STRASBOURG, France Oct 21 A draft motion to be adopted by the European Parliament puts the blame for the worst financial crisis in 80 years on the U.S. Federal Reserve, deficient supervision and poor quality credit ratings.
The European Union assembly has joint say with EU states in financial regulation, and lawmakers feel the crisis has given them a golden opportunity to overturn what many of them see as a light-touch regime for market institutions.
The origins of the crisis are in "years of too expansionist monetary policy by the U.S. Federal Reserve, lack of transparency in financial markets, excessive leverage of financial institutions, deficient supervision of financial markets and bad quality of ratings", the motion says.
Parliament is examining and adopting the executive's draft rules on bank capital requirements, insurers, mark-to-market accounting rule changes, and soon on registration of credit rating agencies and executive pay.
The motion has broad cross-party backing and signals the assembly will be taking a hard line on the measures. On Monday evening, lawmakers called for tougher safeguards on securitisation than the Commission has proposed.
The motion says the Commission should also present proposals on hedge funds, private equity, winding up rules for companies and clearing of over-the-counter markets.
The European Commission has sole right of initiative in EU rulemaking.
"The hedge funds and private equity now try to tell the story they have nothing to do with the financial crisis," former Danish prime minister Poul Nyrup Rasmussen of parliament's socialist bloc told a debate.
"Please promise me all actors have to be regulated, otherwise we are not learning from our experience," Rasmussen said.
Lawmakers have found a kindred spirit in French President Nicolas Sarkozy, whose country holds the rotating EU presidency.

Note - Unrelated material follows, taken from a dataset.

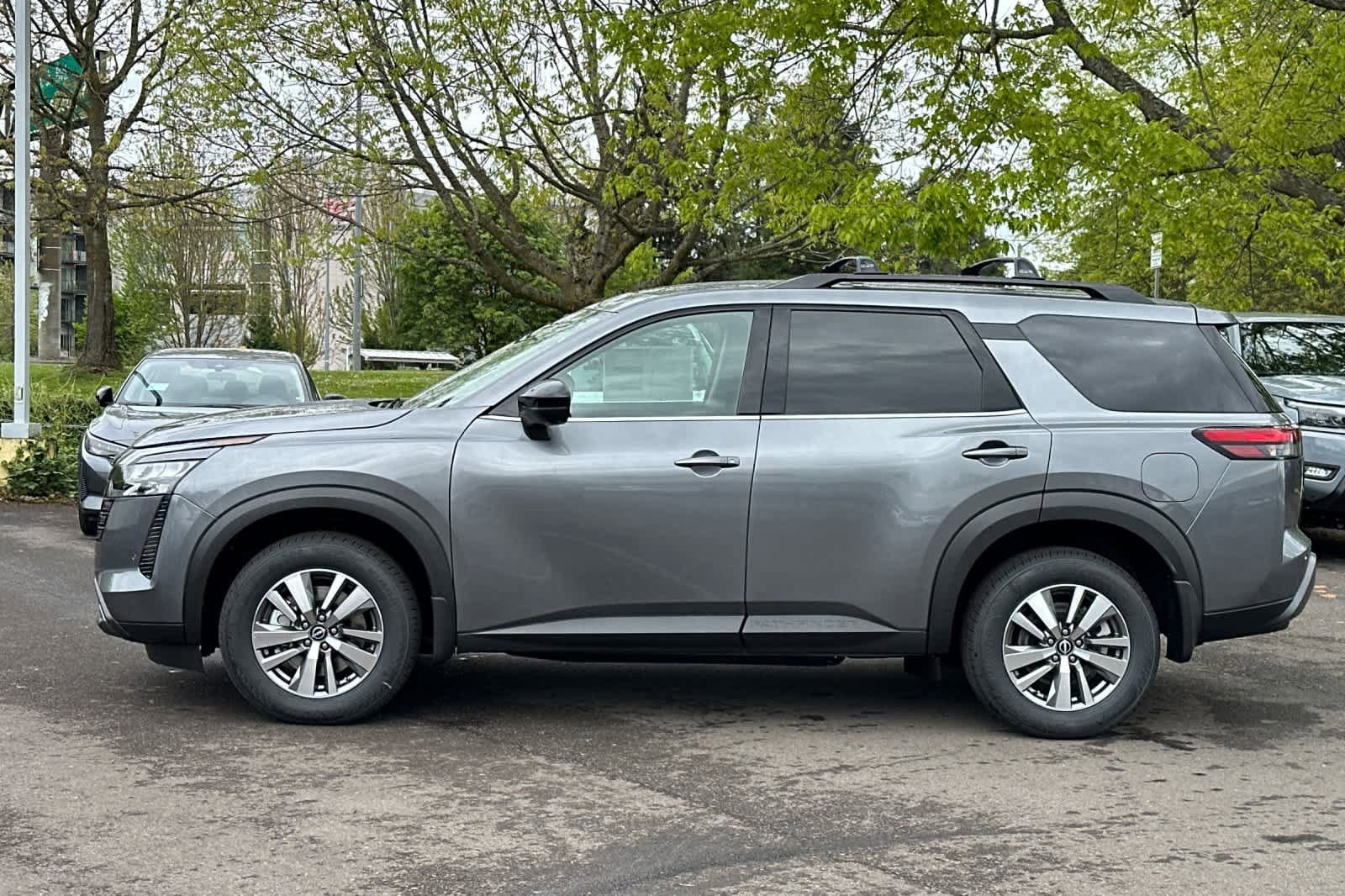 New 2026 Nissan Pathfinder SL AWD/4WD image 5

"No financial institutions should be able to work without being covered by financial regulations," Sarkozy told parliament on Tuesday.
European Commission President Jose Manuel Barroso told parliament that no area of the financial market would be left out of the executive's review of EU financial rules.
Barroso is widely seen as now having taken charge of the financial regulation dossier from internal market commissioner, Charlie McCreevy, lawmakers said.